Covid-19 : plus de risques de formes graves en cas d’insomnie et d’épuisement professionnel ?

  
Chaque heure supplémentaire de sommeil serait associée à une probabilité inférieure de 12% d'être infectée par le Covid-19.

Selon une étude, l'insomnie, des nuits perturbées et l'épuisement quotidien seraient liés à un risque accru d'être infecté par le Covid-19, mais aussi d'avoir une forme plus grave de la maladie et une période de récupération plus longue. Les conclusions ont été publiées dans la revue en ligne BMJ Nutrition Prevention & Santé.

Précisément, chaque augmentation d'une heure du temps passé à dormir la nuit était associée à une probabilité inférieure de 12% d'être infectée par le Covid-19. Un sommeil perturbé, des nuits insuffisantes et un épuisement professionnel ont été associés à un risque accru d'infections virales et bactériennes.

Mode de vie et somnifères

Pour approfondir une corrélation possible avec le Covid-19, les chercheurs se sont appuyés sur les réponses à une enquête en ligne réalisée auprès des professionnels de santé exposés au virus. Les répondants ont fourni des informations sur leur mode de vie, leur santé, l'utilisation de médicaments et de compléments alimentaires ainsi que sur leur sommeil. Au total, 2 884 agents de santé ont répondu aux questionnaires dont 568 étaient contaminés par le Covid-19.
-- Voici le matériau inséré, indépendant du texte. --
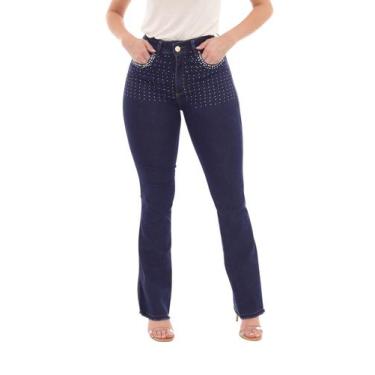 Imagem de Calça Feminina Flare Jeans Escuro com Pocket Strass - Pthirillo, 38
Environ 1 malade sur 4 a signalé des difficultés à dormir la nuit, contre environ 1 sur 5 chez les personnes non infectées par le virus. De plus, 1 patient sur 20 a déclaré avoir trois problèmes de sommeil ou plus, y compris des difficultés à s'endormir ou un recours à des somnifères. Ceux qui avaient des problèmes de sommeil avaient 88% de risques d'être infectés par le Covid-19.

Épuisement professionnel

Proportionnellement plus de personnes malades ont signalé un épuisement quotidien. Ceux qui souffraient d’un épuisement professionnel étaient trois fois plus susceptibles de dire que leur infection était grave et qu'ils avaient besoin d'une période de récupération plus longue. Un bémol, les chercheurs reconnaissent une évaluation subjective des niveaux d'exposition, des problèmes de sommeil et de la gravité de l’infection.

"Le mécanisme sous-jacent à ces associations reste incertain, mais il a été émis l'hypothèse que le manque de sommeil et les troubles du sommeil peuvent avoir un effet néfaste sur le système immunitaire en augmentant les cytokines et histamines pro-inflammatoires", notent les chercheurs. Et ils soulignent des études liant l'épuisement professionnel à un risque accru de rhume et de grippe ainsi qu'à des pathologies comme le diabète, les maladies cardiovasculaires, les maladies musculo-squelettiques. Avant de conclure : "Nous avons constaté que le manque de sommeil la nuit, de graves problèmes de sommeil et un niveau élevé d'épuisement professionnel peuvent être des facteurs de risque de COVID-19 en première ligne. Nos résultats soulignent l'importance du bien-être des professionnels de la santé pendant la pandémie".